- _Given information_:

───

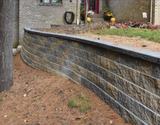 Compac Retaining Walls - Straight Face Split - Michigan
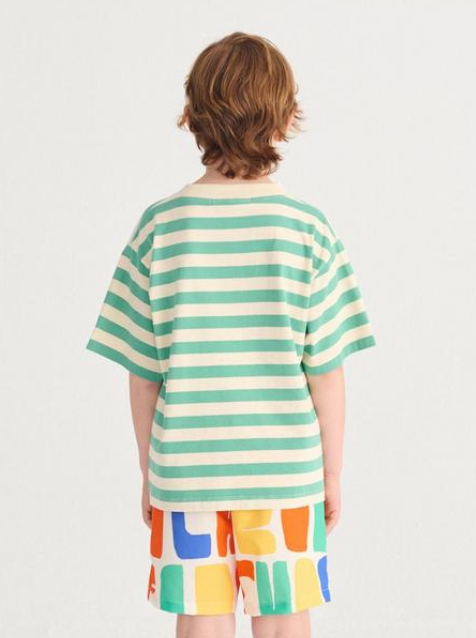 bobo choses kids - modern striped shirt - Lubus & moi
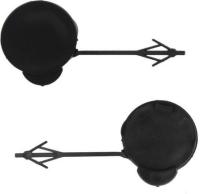 Заглушка (решетка) в бампер задний Opel Meriva (2010-) 5546969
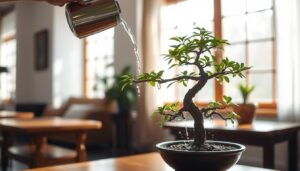 how often water bonsai tree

───

- _Work task_: Pictures are not part of the copy. Reproduce the lines from the one with "bobo choses kids" through the end of the listing above.

- _Written solution_:
 bobo choses kids - modern striped shirt - Lubus & moi
 Заглушка (решетка) в бампер задний Opel Meriva (2010-) 5546969
 how often water bonsai tree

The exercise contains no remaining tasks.